Maike Bohn, co-founder of campaign group the3million, said: “The report backs up EU citizens’ worries about the Home Office losing, sharing or deleting their records and data. It is not correct to say that a digital status cannot be lost or damaged and we all know the risks of digital-only systems.
“Almost daily we experience and read about systems being temporarily unavailable, hacked, records breached. The fact that the status can be shared with ‘others anywhere’ is in fact a cause for major concern.”
Ms Bohn said this raised wider questions about the transparency and effectiveness of the scheme, adding: “Why do we only hear about these issues through inspections, why can’t the Home Office be up front?
“If this is truly about getting people through to the status they need, the Home Office needs to be more open and honest about the issues and take criticism constructively, as the inspector alludes to.”

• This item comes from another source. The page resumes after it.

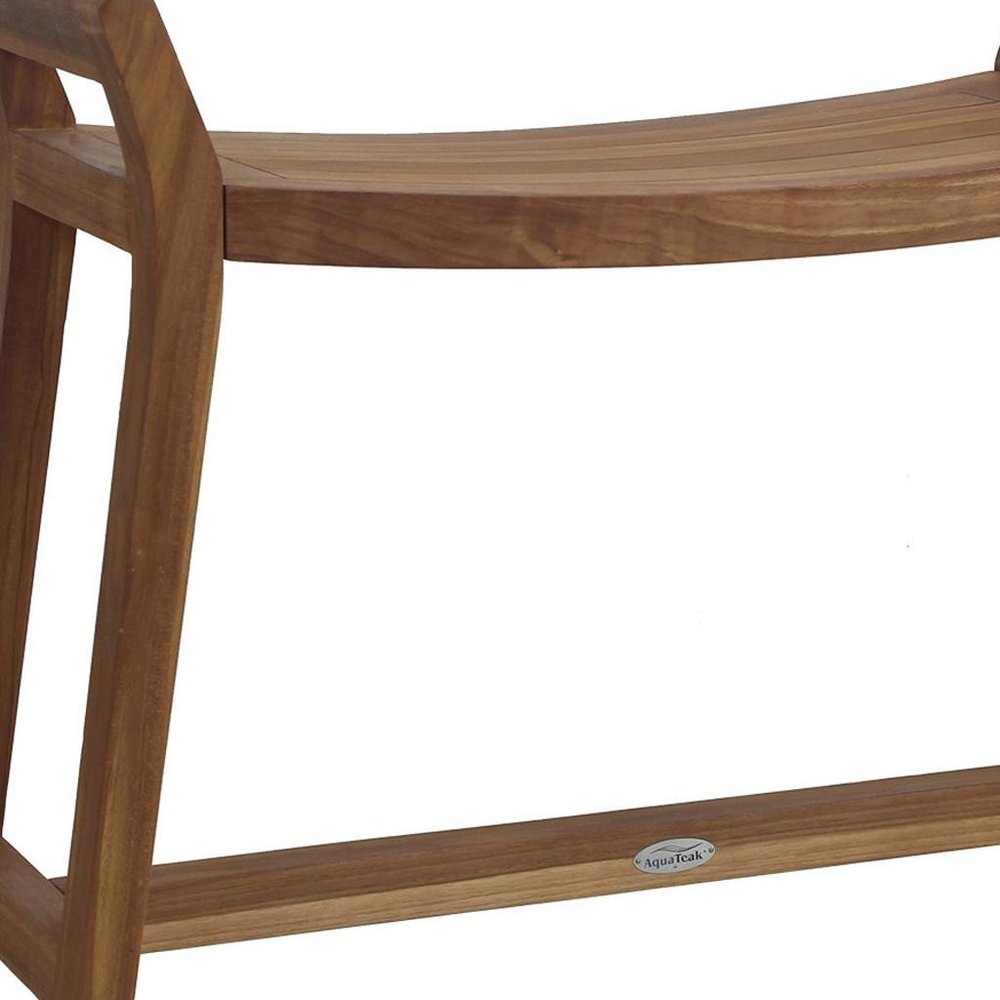 21" X 32" Brown Teak Rectangular Shower Bench
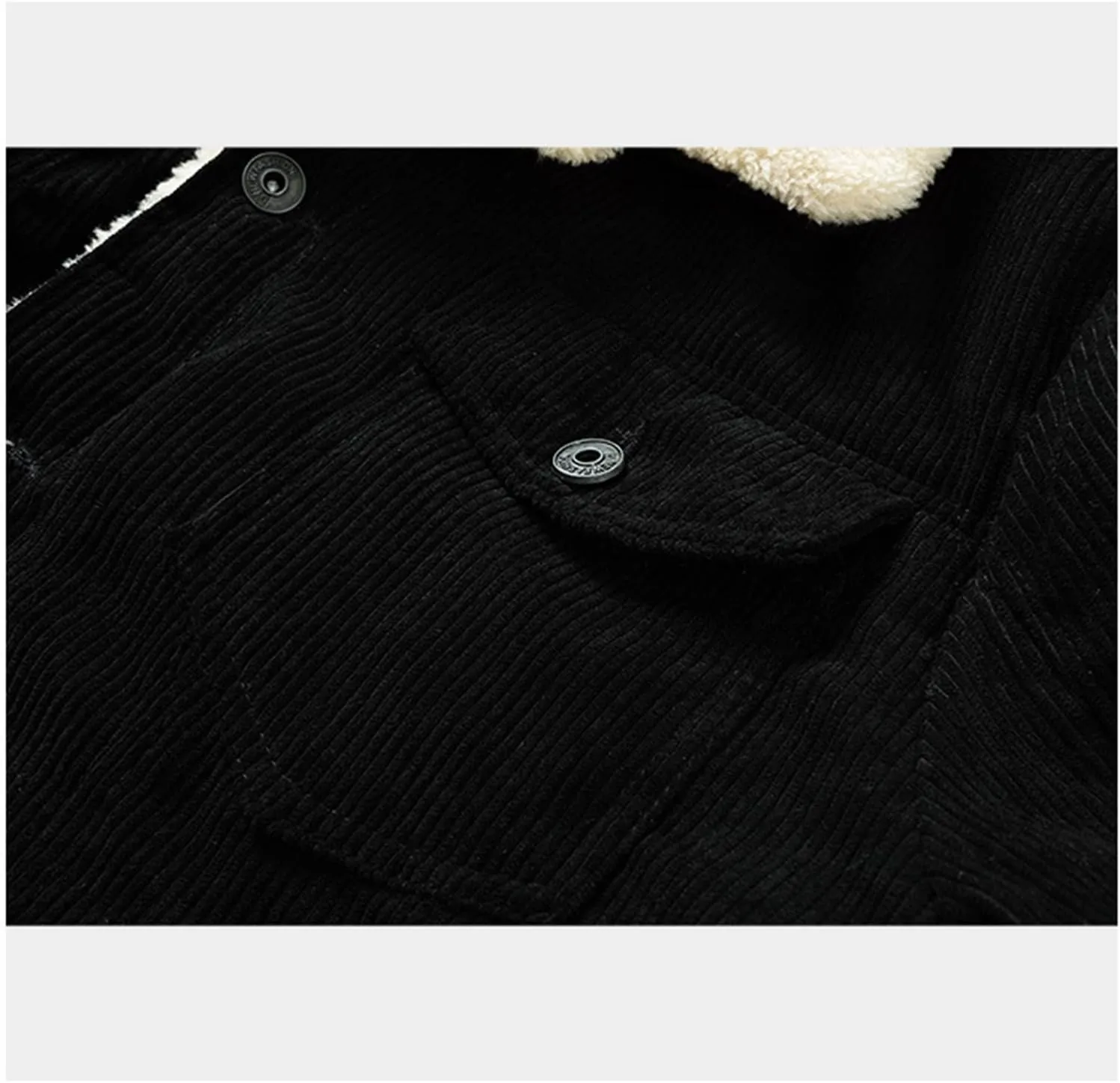 Canbebig Men's Corduroy Sherpa Trucker Jacket Western Jackets Winter Fleece Lined Fur Collar Warm Cowboy Coat with Pockets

Caitlin Boswell Jones, project officer at the Joint Council for the Welfare of Immigrants, warned that the data breaches had “sinister implications” for the digital system the Home Office intends to roll out and extend across the whole immigration system “without any transparency or public scrutiny”.
She said the “hidden costs” discriminated against EU nationals and meant marginalised groups would struggle to apply, making them more likely to fall out of status and feel the full force of the hostile environment.
“The only way to protect EU citizens’ rights is for Boris Johnson to keep the promises that he made during the EU referendum by immediately granting automatic settled status to all EU nationals and their family members,” Ms Boswell Jones added.
A Home Office spokesperson said: “We’re pleased that the inspector praised the Home Office’s management of the EU settlement scheme and recognised the wide range of support available online, by phone, and in person.
“We take data protection very seriously and have apologised personally to those affected. We have already taken steps to stop them happening again. It is the biggest scheme of its kind in British history, and we have granted nearly 2.9 million status with over a year to go.”